Es gibt kein Richtig oder Falsch
Ewige Probleme sind der Bumerang in einer Beziehung. Um sie zu erkennen, reicht eine einfache Frage: Ist das Problem in dieser speziellen Situation entstanden und auf diese begrenzt? Wenn Gary aus unserem Beispiel für gewöhnlich beim Abwasch hilft, aber ausnahmsweise zu müde ist, handelt es sich um ein vorübergehendes und lösbares Problem. Wenn Gary aber dazu neigt, Aufgaben zu verschieben, während Brooke gern alles sofort erledigt, ist es ein unlösbares ewiges Problem, das immer wieder und in unterschiedlichen Situationen auftauchen wird. Diese Probleme reichen tiefer: Sie gründen auf den verschiedenen Persönlichkeiten, Einstellungen und Bedürfnissen von zwei Menschen, die ihr Leben teilen.
Ewige Probleme sind unvermeidlich. Wer einen Partner wählt, entscheidet sich für ein ganzes Set davon. Vielleicht plant einer alles durch, während der andere lieber spontan handelt. Vielleicht ist der eine extrovertiert und der andere introvertiert. Vielleicht legt einer Wert auf eine saubere Wohnung, und der andere stört sich nicht an ein bisschen Schmutz. Bei den Problemen, die daraus entstehen, gibt es kein Richtig oder Falsch, nur unterschiedliche Vorstellungen und Vorlieben.
Jedes Paar kämpft mit seinen eigenen ewigen Problemen, und doch drehen sich die meisten um dieselben Themen. Man streitet darüber, wie man den Haushalt führt, die Kinder erzieht oder die Freizeit gestaltet. Oder darum, wofür das Geld ausgegeben wird, wie oft man die Schwiegereltern oder Freunde trifft, wie häufig man Sex hat und welche Lebensziele man anstrebt.
Doch nicht jede Verschiedenheit führt zu Krach. In vielen Bereichen gelingt es, die ewigen Probleme humorvoll und freundlich zu umschiffen. Wer sich immer wieder darüber aufrege, dass der Partner anders ticke, sagt Gottman, «der kann sich genauso gut darüber nerven, dass sein Partner Linkshänder oder Brillenträger ist». Das klassische Rezept fürs Desaster ist: Wir verlieben uns in einen Menschen, weil er anders ist als wir, spontaner vielleicht oder organisierter oder weniger perfektionistisch. Dann versuchen wir über Jahre, ihn dazu zu bringen, mehr so zu sein wie wir. Und werden schliesslich bitter, weil das nicht klappt.

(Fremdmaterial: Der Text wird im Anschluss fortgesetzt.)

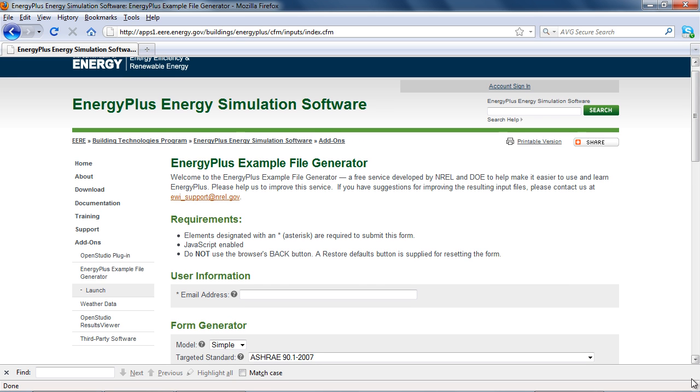This is an excellent way to understand and compare different options, the changes in the input file, and to see how various system types are assembled in EnergyPlus.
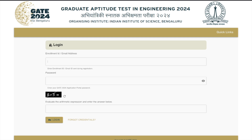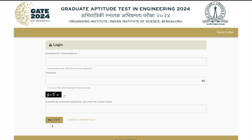This is GATE 2024 conducted by IISc Bangalore. You now have your response sheet available. All you have to do is fill out your enrollment ID or email address, then fill in your password and the captcha, and log in. Once you log in, you will get the status of your application and from there you can download your response sheet.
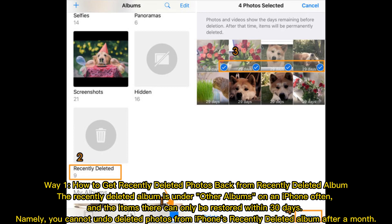Way 1: How to get recently deleted photos back from Recently Deleted album. The Recently Deleted album is under Other Albums on an iPhone, and the items there can only be restored within 30 days.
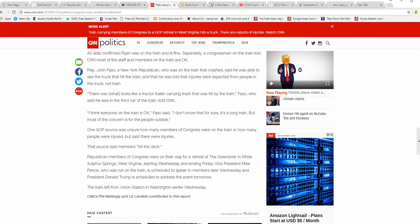Hit the deck? Were they being shot at or did they get in an accident? I'm not getting this.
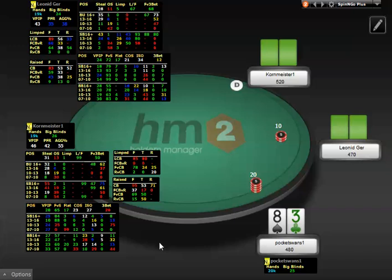Welcome to the overview video of the Spin & Go HUD package from HeadsUpSitAndGo.com. The Spin & Go HUD package contains two HUDs and over 200 custom Notecaddy note definition stats, with an emphasis on Verse Hero.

2. Pünktlichkeit – wie Streit eskaliert
Sie steht angezogen im Gang, er ist noch im Bad. Sie ruft: «Musst du schon wieder trödeln? Nie kannst du pünktlich sein. Das ist so typisch!» Er ruft zurück: «Willst du wieder eine Viertelstunde auf dem Bahnhof frieren, so wie letztes Mal? Ich hab ja gesagt, dass es knapp wird, wenn ich vorher Blumen besorgen muss. Und überhaupt: Wieso besuchen wir eigentlich immer deine Freunde und nie meine?» Sie verdreht die Augen und sagt: «Klar, der Herr kann natürlich nichts dafür. Er kann halt einfach die Uhr nicht lesen!» Bis die beiden losgehen, sagt er kein einziges Wort mehr.
Der unterschiedliche Umgang mit Zeit ist ein klassisches ewiges Problem. Aber hier geht es nicht darum, worüber das Paar sich streitet, sondern wie. Denn Konfliktgespräche verraten, ob eine Beziehung hält.
Das zumindest sagt John Gottman. Der Forscher interessierte sich ab den 1990er Jahren nicht mehr nur dafür, was in der Gegenwart eines Paares passiert. Er wollte auch in dessen Zukunft blicken. Konnte man aus dem Konfliktverhalten herauslesen, wo sich ein Hurrikan zusammenbraut? Um diese Frage zu beantworten, liess Gottman erneut Paare in seinem Labor streiten, in einer Studie waren es 130 frisch verheiratete. Bei 15 von ihnen erkannte Gottman die typischen Muster, die er in seinen früheren Untersuchungen bei den «Desastern» identifiziert hatte. Er vermutete deshalb, dass diese Ehen nicht lange überleben würden.
Das Liebesorakel funktionierte: Sieben Jahre nach dem Besuch im Labor waren 17 der 130 jungen Ehepaare nicht mehr zusammen – unter ihnen jene 15, bei denen Gottman das prophezeit hatte. Über die Jahre beobachtete Gottman viele hundert Paare; er bezog auch verschiedene Ethnien und homosexuelle Beziehungen in seine Forschung ein. Schliesslich war er sich sicher: Aus 15 Minuten Streit lässt sich herauslesen, ob ein Paar sich trennen wird, und das mit einer Genauigkeit von 91 Prozent.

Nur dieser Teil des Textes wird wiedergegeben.